**Given data:**
'''

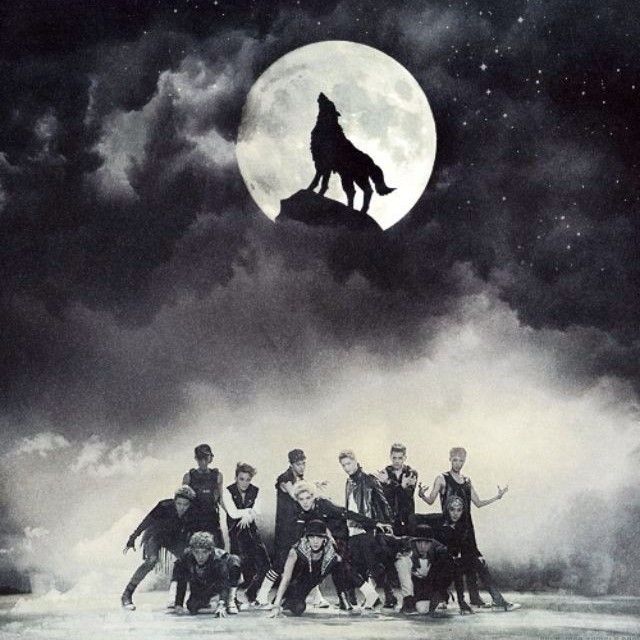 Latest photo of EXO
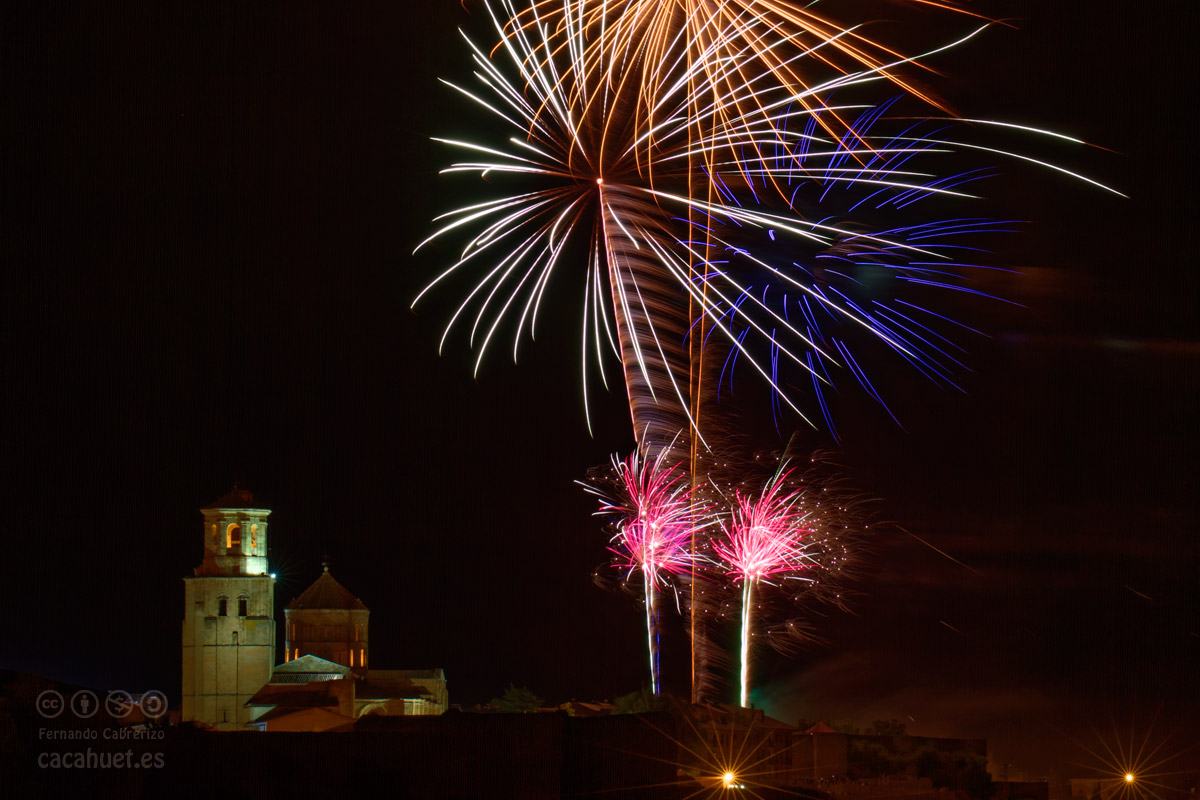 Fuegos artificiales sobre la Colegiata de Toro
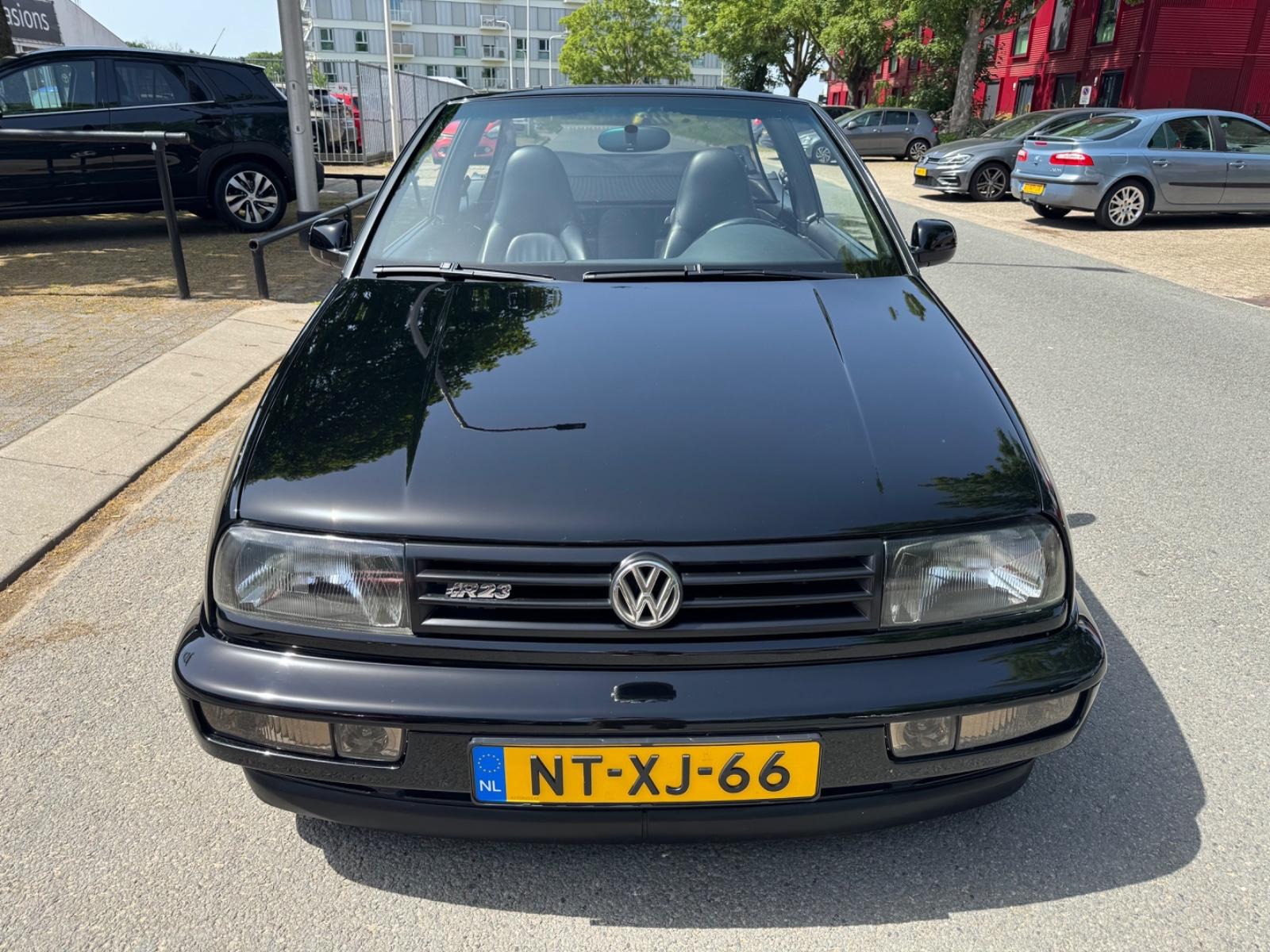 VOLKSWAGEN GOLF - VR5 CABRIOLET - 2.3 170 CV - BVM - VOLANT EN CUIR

'''

**Work required:**
In the copy, include no pictures, but repeat the listing exactly.

**Answer space:**
 Latest photo of EXO
 Fuegos artificiales sobre la Colegiata de Toro
 VOLKSWAGEN GOLF - VR5 CABRIOLET - 2.3 170 CV - BVM - VOLANT EN CUIR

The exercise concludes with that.